A motion filed by the state Monday in U.S. District Court argues there is no evidence the state is responsible for the racial imbalances in the county schools.
“The state of Maryland cannot deny its past sponsorship of public school segregation,” said the motion, written by attorney Carmen Shepard. “However, the state repudiated its acceptance of segregated schools more than 40 years ago.”
State-mandated school desegregation ended in a 1955 landmark Supreme Court case, Brown v. Board of Education of Topeka, Kan.
In a separate filing Feb. 10, the county chapter of the National Association for the Advancement of Colored People said it would take too much time for Judge Peter Messitte to determine the amount the state should pay.
The NAACP does not oppose the state paying, but feels a long delay would occur and would take away from efforts to desegregate the schools, its filing says.
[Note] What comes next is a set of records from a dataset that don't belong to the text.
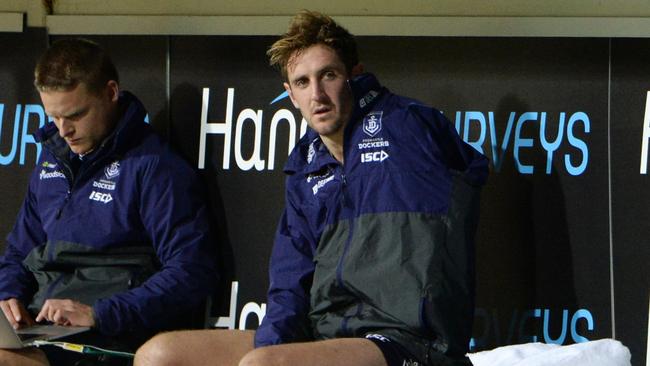 Fremantle's Michael Barlow is hoping to find a new club. Picture: Daniel Wilkins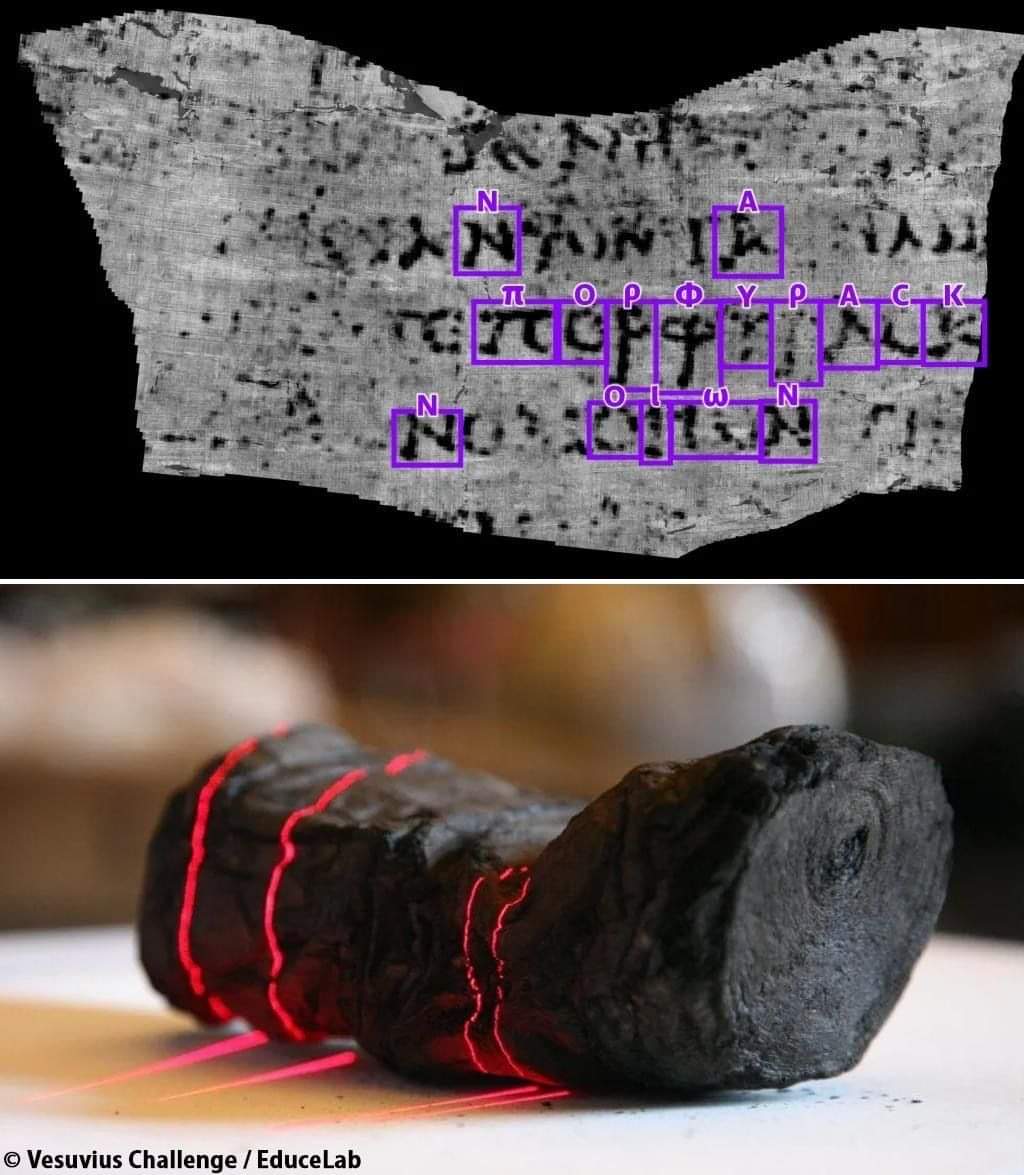 A 21-year-old student successfully deciphered the first word from the Herculaneum scrolls, charred during Mount Vesuvius’ eruption :

A 21-year-old computer science student, Luke Farritor from the University of Nebraska-Lincoln, has emerged victorious in the Vesuvius Challenge,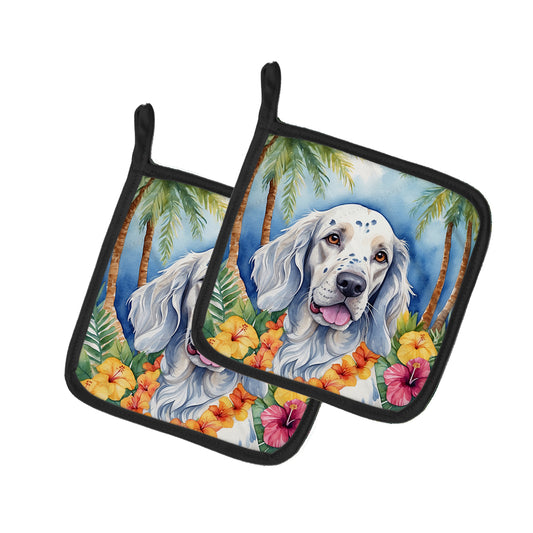 Buy this English Setter Luau Pair of Pot Holders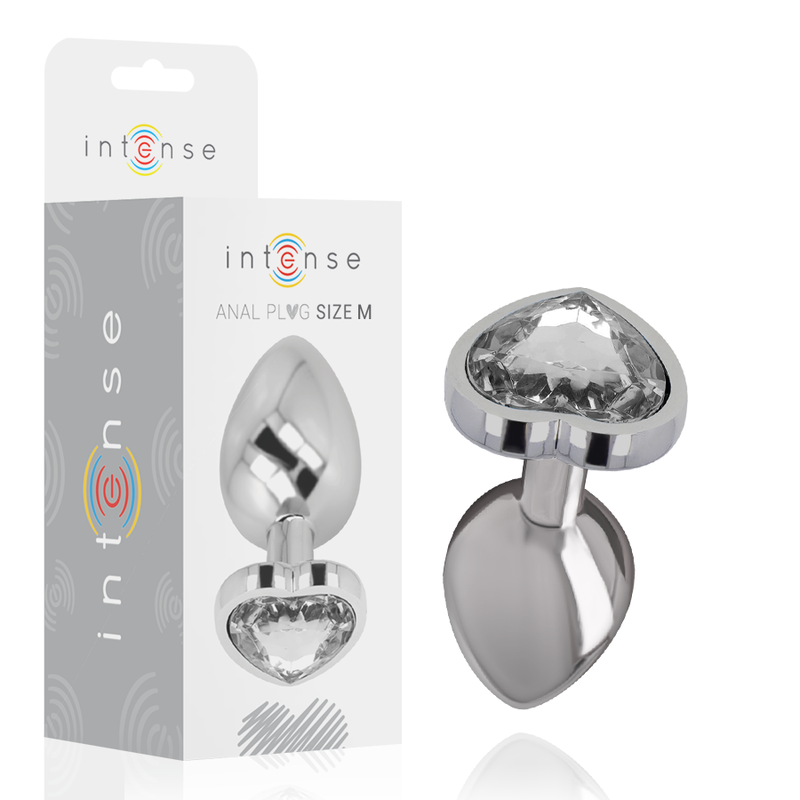 INTENSE – PLUG ANALE IN METALLO ALLUMINIO CUORE BIANCO TAGLIA M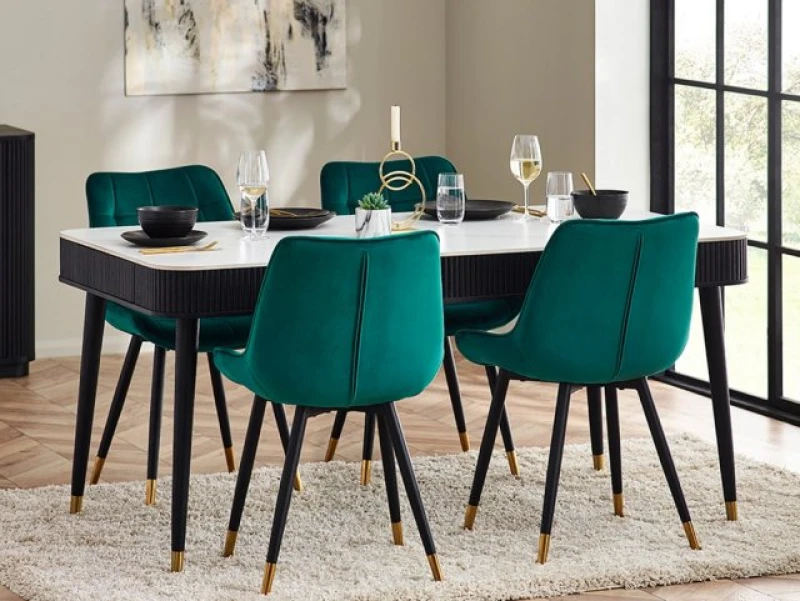 Image of Julian Bowen Louis 190cm Marble Effect and Black 2 Drawer Dining Table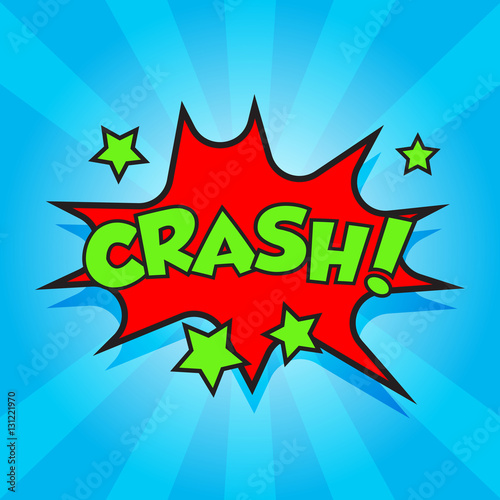 "Crash comic sound effects. Sound bubble speech with word and comic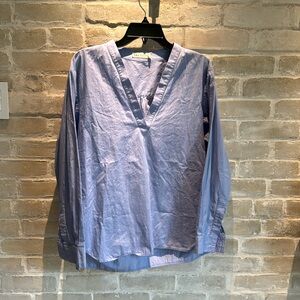 Blue cotton poplin shirt from Good Company in Austin, Texas.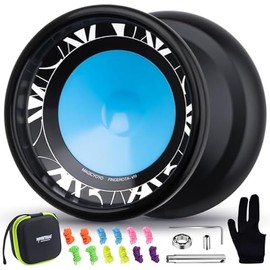 MAGICYOYO V11 Finger Spin Yoyo -Pofessional Unresponsive Yoyo for Intermediate Advanced & Extra Responsive Yoyo Bearing for Beginners, Dual Purpose Trick Yoyo + Glove + 12 Strings +Storage Case -Black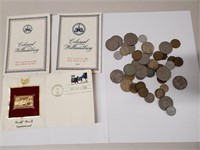 Foreign Coins, Gold Stamps And Ornaments
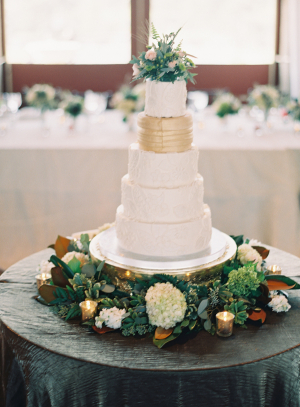 Gold and White Wedding Cake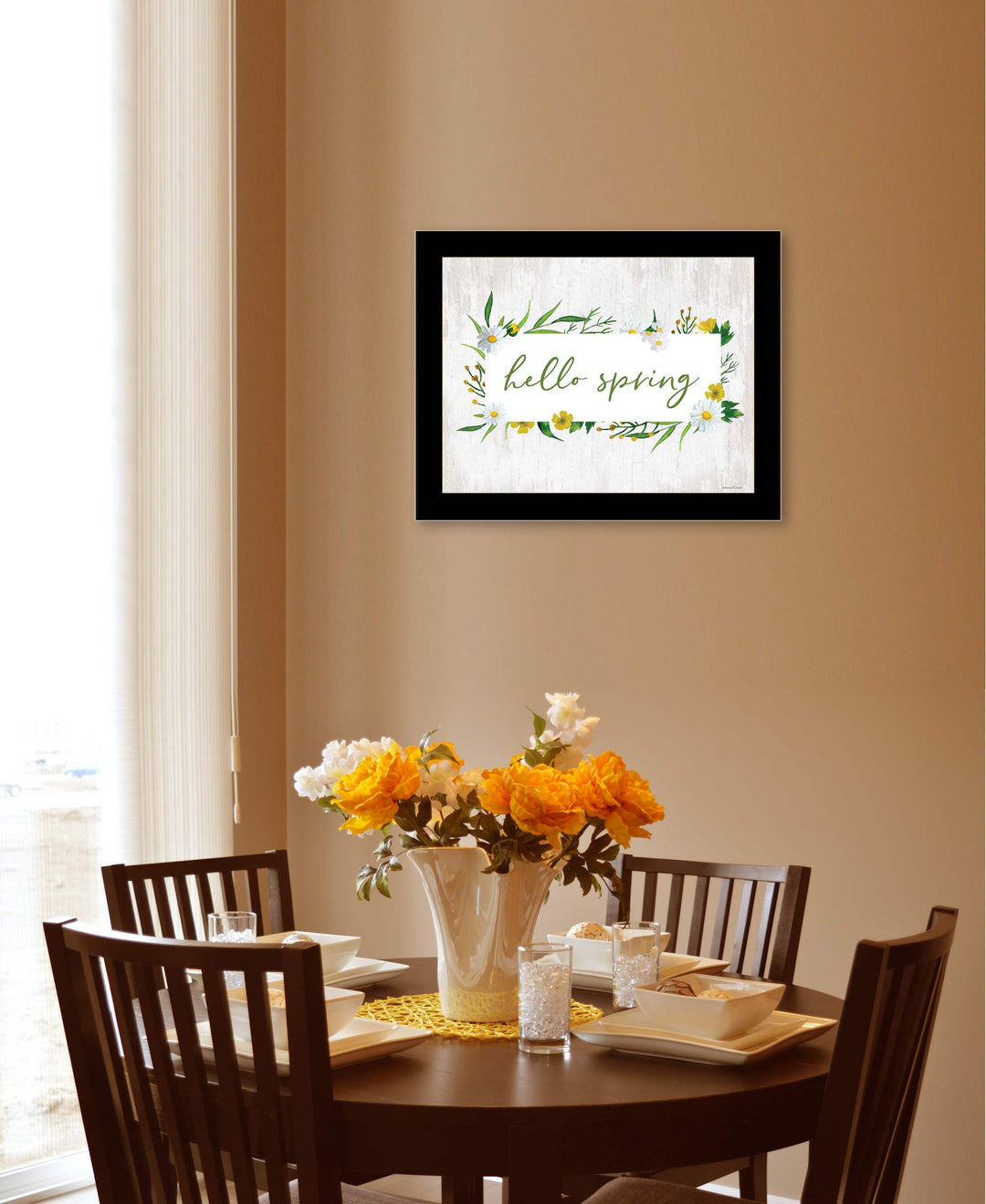 Hello Spring Black Framed Print Wall Art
“We have no evidence the county cannot pay by itself and begin the process of desegregating,” said Patricia Brannan, lawyer for the NAACP.
Sean Wallace, attorney for Prince George’s County, called the position of the NAACP “a bunch of nonsense.”
“No one’s demonstrated it will take any longer” if the state is involved in paying, Wallace said.
The motions filed by the state and the NAACP are in response to papers offered to the court by the Prince George’s County School Board and the county government in December. They ask Messitte to force the state to share the expense of carrying out the desegregation process.
This process began in 1972 when a federal judge ruled in favor of the NAACP, which sued the school system for segregating black and white students.
This past summer, Messitte called for a review of how well the school board has been using magnet schools as a desegregation tool. The county then asked Messitte to force the state to pay for further desegregation efforts, should they be necessary.
The magnet schools, set up in 1985, are used as substitutes for involuntary busing. For example, at Suitland High School, white students, a clear minority, are sent voluntarily by their parents to participate in the school’s visual and performing arts program. The school has an 89.9 percent black student population.
In all, Prince George’s County public schools have more than 122,000 students. About 73 percent are black.
The county and the school board have been given two weeks to respond to the motions from the state and the NAACP. Then Messitte is expected to rule on whether the state should have to pay.